→ **Aim of the task**:
Look below for the lines from the one with "Bougainvillea Pink, Tommy" to the one with "Soldiers caught on", and copy exactly those lines, both ends included.

→ **Source records**:
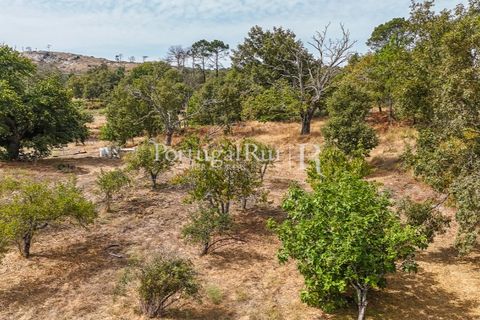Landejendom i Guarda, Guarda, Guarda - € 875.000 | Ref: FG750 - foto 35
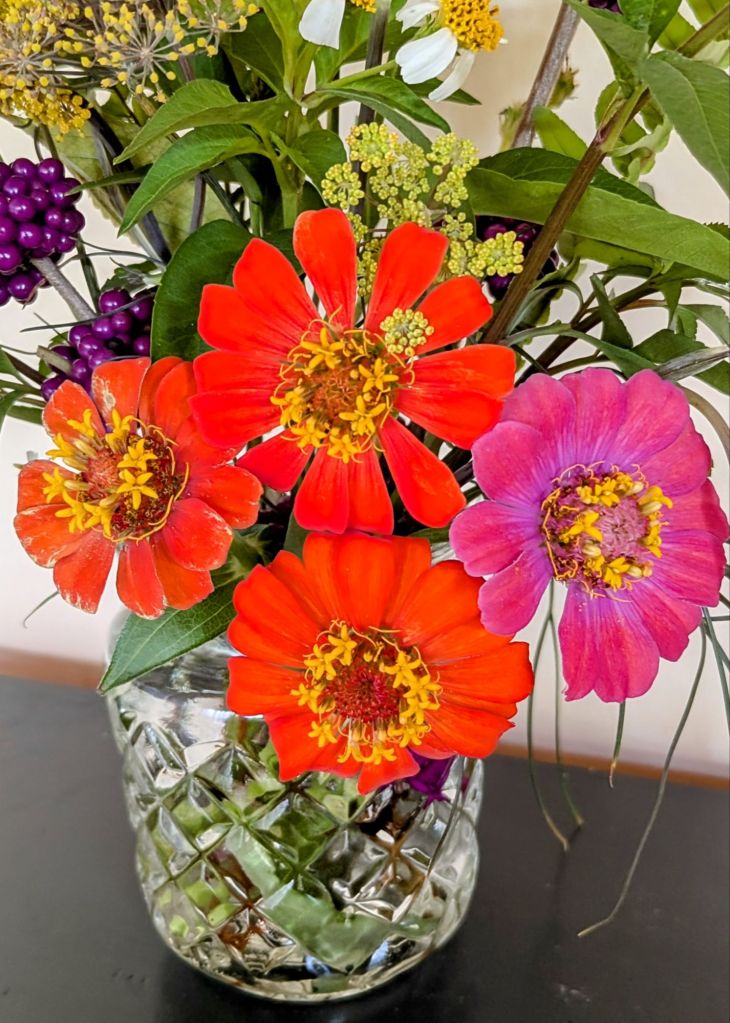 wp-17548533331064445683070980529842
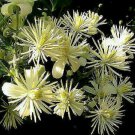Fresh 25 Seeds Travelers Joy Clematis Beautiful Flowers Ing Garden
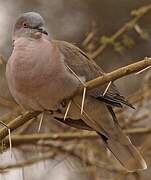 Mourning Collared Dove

==

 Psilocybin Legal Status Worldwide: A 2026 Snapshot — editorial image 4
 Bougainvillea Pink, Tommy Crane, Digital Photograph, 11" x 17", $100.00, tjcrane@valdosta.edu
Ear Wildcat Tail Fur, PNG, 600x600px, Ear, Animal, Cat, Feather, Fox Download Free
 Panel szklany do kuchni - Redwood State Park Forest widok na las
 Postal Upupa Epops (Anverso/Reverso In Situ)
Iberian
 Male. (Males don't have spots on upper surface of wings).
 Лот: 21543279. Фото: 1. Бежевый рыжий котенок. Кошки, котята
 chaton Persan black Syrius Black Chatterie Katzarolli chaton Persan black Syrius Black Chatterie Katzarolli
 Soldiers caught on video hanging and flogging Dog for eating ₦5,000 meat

→ **Written response**:
 Bougainvillea Pink, Tommy Crane, Digital Photograph, 11" x 17", $100.00, tjcrane@valdosta.edu
Ear Wildcat Tail Fur, PNG, 600x600px, Ear, Animal, Cat, Feather, Fox Download Free
 Panel szklany do kuchni - Redwood State Park Forest widok na las
 Postal Upupa Epops (Anverso/Reverso In Situ)
Iberian
 Male. (Males don't have spots on upper surface of wings).
 Лот: 21543279. Фото: 1. Бежевый рыжий котенок. Кошки, котята
 chaton Persan black Syrius Black Chatterie Katzarolli chaton Persan black Syrius Black Chatterie Katzarolli
 Soldiers caught on video hanging and flogging Dog for eating ₦5,000 meat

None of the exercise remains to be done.